Gov. Scott Walker tried to elbow his way into President Obama’s visit Wednesday to the Master Lock plant in Milwaukee. But he thought better of it.
That was one of the smartest political moves the governor has made in a year of political and policy missteps.
Walker, who faces a recall election fight this year, polls miserably with Democrats and independents who lean Democratic. And he’s vulnerable with independents and even some Republicans.
Walker tried initially to attach himself to Obama’s visit to a factory in Democratic Milwaukee. That seemed like smart politics. Then it became clear that the Master Lock event would focus on economic renewal, job growth and manufacturing. That’s not a good storyline for Walker, as a front-page chart in Wednesday’s Milwaukee Journal Sentinel newspaper illustrated.
While other battleground states in the Great Lakes region are experiencing at least a modest recovery, with some significant evidence of job creation, Walker’s Wisconsin is the outlier. Since the governor’s budget was implemented, Wisconsin has lost jobs every month. And in some of those six months of decline, Wisconsin has led the nation in job losses.

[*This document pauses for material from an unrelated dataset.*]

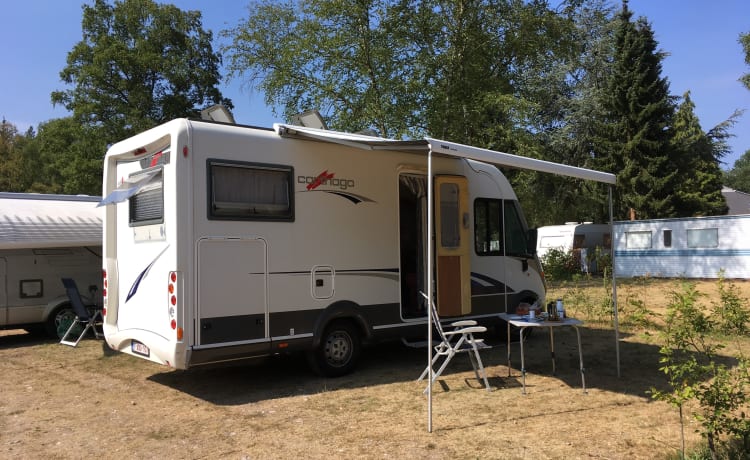 Janneke – Compact Carthago, integral model (2006), cosy, lots of light!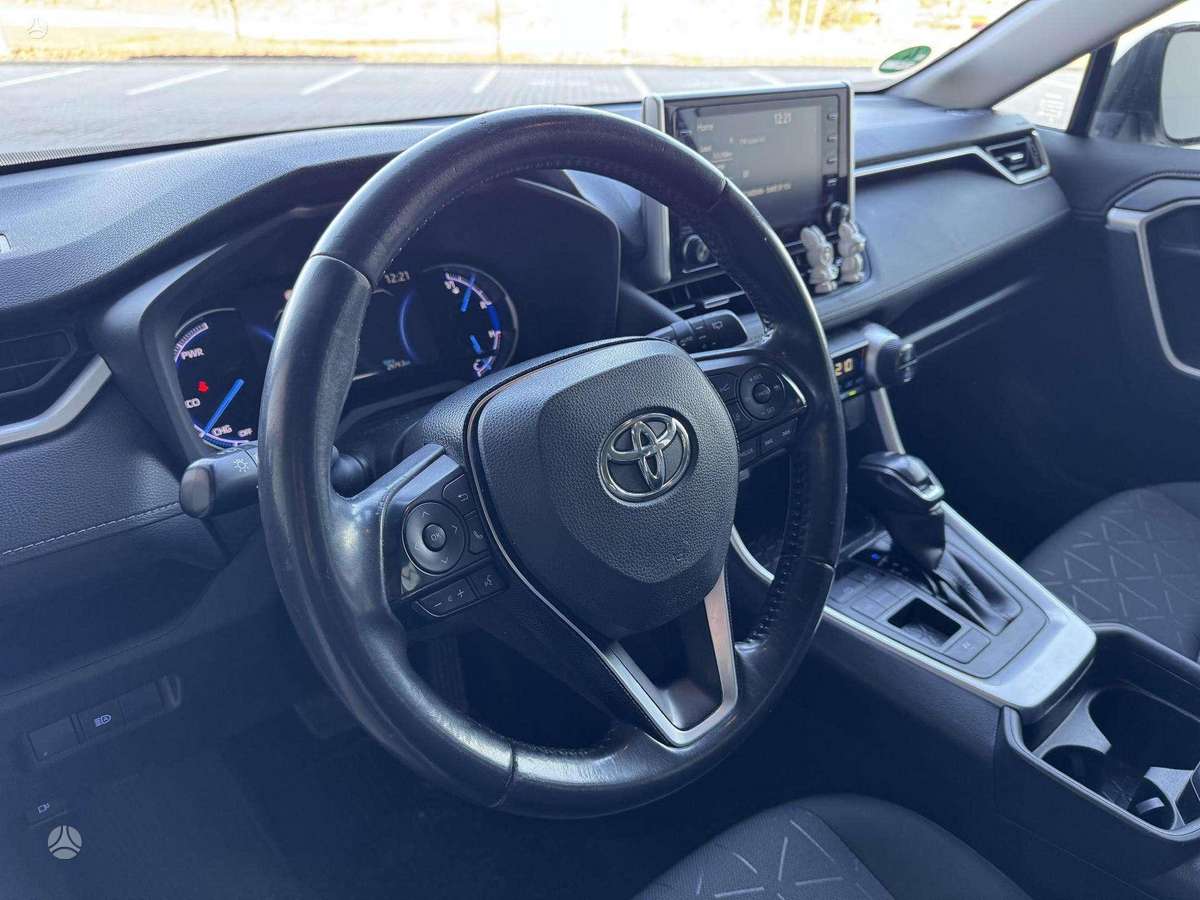 Toyota RAV4 - 11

A Republican National Committee line holds that the economic upturn of the moment has been created by Republican governors. But Walker can’t make that claim. He’s stuck suggesting that job losses in Wisconsin are the fault of Obama and the Democratic president’s policies.
That is, of course, a fantasy. But Walker can maintain it when Obama is not around, and when the media is not looking at the fact of how Wisconsin trails neighboring states when it comes to actual job creation.
Standing next to Barack Obama at Master Lock would have exposed Scott Walker’s false premises, and his false statements.
So, suddenly, the governor wasn’t feeling well. Yes, he was up for a photo opportunity at the airport. And, yes, he was strong enough to put out a series of “I,” “I,” “I” statements regarding Obama’s visit — including one in which Walker claimed credit for making things happen with the Wisconsin companies Obama mentioned. But Walker avoided the factory floor.
The governor likes the limelight, and he wanted to grab the glory that goes with a presidential visit. But he did not want the scrutiny.